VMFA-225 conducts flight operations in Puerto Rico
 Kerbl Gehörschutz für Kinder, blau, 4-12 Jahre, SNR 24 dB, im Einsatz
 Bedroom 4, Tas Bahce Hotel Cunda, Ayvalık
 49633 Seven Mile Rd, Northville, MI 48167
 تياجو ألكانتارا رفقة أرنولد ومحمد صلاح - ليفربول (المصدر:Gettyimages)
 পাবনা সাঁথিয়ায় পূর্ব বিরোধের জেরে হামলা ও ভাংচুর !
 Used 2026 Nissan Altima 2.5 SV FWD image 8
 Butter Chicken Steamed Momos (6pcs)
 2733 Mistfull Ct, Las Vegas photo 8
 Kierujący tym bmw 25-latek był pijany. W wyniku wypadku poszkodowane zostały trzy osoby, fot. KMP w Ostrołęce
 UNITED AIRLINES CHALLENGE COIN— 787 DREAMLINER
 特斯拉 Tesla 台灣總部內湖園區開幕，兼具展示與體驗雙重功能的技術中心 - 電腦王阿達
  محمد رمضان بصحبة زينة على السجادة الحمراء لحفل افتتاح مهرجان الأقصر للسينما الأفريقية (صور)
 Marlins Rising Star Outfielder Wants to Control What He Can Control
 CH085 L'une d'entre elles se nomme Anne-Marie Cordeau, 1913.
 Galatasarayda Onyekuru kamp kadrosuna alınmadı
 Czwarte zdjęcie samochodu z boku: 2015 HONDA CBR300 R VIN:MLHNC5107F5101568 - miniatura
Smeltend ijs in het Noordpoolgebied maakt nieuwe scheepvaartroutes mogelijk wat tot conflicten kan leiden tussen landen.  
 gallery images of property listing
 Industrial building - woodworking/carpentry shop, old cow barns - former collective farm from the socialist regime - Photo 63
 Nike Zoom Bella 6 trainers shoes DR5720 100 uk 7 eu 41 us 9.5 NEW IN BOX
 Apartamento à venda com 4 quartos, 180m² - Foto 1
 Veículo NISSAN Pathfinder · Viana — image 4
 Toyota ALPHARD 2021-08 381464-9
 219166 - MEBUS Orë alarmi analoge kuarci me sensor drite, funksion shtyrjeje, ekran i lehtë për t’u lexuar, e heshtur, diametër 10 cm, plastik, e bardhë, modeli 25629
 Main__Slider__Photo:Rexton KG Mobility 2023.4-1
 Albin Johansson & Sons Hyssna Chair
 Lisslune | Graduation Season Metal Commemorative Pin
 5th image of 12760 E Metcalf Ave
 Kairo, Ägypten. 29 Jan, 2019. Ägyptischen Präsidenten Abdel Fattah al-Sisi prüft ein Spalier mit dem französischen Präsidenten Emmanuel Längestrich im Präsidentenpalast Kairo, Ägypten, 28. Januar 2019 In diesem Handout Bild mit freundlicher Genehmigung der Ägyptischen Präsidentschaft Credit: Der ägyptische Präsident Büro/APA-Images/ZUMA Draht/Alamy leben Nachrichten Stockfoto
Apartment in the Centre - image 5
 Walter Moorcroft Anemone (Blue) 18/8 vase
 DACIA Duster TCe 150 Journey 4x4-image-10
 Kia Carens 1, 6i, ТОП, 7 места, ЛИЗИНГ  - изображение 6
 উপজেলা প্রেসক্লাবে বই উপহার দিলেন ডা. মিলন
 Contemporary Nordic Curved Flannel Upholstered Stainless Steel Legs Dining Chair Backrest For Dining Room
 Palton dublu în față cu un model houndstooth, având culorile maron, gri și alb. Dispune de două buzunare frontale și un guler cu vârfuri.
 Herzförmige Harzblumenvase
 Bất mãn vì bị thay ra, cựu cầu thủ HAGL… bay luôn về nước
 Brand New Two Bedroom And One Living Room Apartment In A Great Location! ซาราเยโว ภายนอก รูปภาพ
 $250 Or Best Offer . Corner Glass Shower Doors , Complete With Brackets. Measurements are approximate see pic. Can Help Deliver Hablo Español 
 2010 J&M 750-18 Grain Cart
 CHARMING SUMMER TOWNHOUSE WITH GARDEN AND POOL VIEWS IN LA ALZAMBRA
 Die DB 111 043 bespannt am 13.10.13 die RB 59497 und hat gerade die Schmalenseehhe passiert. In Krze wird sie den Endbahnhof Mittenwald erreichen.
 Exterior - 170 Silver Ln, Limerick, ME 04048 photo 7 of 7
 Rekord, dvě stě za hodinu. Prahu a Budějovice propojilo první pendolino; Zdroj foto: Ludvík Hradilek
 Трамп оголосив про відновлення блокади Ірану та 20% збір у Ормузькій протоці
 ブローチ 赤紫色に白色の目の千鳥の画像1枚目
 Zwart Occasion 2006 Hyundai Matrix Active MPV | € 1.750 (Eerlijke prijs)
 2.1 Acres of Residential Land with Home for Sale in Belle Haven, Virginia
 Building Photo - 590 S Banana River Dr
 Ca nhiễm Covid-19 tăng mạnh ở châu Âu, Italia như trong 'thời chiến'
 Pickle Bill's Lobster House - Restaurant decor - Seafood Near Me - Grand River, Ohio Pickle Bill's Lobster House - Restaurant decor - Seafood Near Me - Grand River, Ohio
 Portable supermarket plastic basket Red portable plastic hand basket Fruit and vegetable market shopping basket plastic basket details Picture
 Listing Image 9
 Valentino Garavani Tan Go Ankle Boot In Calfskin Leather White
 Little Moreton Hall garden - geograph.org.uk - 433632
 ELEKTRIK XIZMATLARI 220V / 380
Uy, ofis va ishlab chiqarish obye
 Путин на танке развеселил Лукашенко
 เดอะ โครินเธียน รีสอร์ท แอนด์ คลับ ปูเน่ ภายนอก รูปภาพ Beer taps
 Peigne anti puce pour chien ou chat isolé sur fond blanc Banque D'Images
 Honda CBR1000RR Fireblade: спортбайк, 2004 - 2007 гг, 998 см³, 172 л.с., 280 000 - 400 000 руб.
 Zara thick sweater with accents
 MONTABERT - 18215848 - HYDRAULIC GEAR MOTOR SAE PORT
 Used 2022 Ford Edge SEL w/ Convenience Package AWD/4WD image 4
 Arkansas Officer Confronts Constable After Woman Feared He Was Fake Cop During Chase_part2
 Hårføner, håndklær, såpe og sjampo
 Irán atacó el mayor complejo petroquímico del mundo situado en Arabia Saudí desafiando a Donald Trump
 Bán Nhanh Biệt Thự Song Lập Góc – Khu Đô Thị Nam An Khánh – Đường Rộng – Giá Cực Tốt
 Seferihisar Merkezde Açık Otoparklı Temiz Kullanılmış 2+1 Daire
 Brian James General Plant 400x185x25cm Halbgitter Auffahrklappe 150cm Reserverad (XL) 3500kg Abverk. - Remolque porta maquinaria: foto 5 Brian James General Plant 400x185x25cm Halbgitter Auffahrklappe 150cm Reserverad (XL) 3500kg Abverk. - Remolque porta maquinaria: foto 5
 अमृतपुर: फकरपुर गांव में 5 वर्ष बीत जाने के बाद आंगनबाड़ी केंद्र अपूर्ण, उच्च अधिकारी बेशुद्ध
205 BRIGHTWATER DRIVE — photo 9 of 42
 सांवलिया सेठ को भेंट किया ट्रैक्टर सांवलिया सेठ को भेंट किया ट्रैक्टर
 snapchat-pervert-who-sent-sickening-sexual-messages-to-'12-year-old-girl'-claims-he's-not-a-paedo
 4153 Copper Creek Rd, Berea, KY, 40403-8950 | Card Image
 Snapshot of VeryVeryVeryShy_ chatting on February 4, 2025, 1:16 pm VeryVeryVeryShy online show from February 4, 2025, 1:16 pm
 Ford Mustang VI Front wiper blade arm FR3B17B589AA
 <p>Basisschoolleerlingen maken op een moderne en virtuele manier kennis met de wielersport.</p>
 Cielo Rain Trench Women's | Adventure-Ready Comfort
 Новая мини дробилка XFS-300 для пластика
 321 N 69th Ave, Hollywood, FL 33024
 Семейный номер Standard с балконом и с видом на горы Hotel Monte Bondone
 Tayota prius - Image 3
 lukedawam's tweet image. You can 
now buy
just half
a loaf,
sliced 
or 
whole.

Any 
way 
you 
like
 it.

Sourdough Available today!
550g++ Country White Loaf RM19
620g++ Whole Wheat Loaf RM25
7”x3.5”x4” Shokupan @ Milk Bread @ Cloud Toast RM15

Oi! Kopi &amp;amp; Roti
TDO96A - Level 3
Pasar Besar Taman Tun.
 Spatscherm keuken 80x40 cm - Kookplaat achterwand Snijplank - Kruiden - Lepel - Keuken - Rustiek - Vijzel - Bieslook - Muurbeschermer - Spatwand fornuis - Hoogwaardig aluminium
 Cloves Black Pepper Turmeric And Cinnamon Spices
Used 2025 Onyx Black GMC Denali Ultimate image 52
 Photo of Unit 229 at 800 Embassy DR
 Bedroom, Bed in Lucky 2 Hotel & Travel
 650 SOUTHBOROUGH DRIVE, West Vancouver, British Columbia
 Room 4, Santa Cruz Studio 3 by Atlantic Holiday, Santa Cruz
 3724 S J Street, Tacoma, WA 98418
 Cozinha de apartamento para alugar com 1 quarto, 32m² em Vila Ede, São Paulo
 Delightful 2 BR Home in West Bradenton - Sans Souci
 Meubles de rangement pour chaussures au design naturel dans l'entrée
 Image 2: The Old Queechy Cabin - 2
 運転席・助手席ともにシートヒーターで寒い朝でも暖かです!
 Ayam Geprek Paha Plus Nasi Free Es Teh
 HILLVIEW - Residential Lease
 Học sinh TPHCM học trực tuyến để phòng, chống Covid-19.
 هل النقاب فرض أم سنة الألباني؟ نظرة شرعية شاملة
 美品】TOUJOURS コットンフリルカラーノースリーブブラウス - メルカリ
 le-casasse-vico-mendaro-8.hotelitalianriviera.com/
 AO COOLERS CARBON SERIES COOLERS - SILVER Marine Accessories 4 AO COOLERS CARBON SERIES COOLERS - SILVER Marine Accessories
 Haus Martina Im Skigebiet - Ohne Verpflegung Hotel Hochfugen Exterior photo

════════════════

**Work instructions:**
Go through the entries and copy every line that has "ภายนอก".

**Written answer:**
 Brand New Two Bedroom And One Living Room Apartment In A Great Location! ซาราเยโว ภายนอก รูปภาพ
 เดอะ โครินเธียน รีสอร์ท แอนด์ คลับ ปูเน่ ภายนอก รูปภาพ Beer taps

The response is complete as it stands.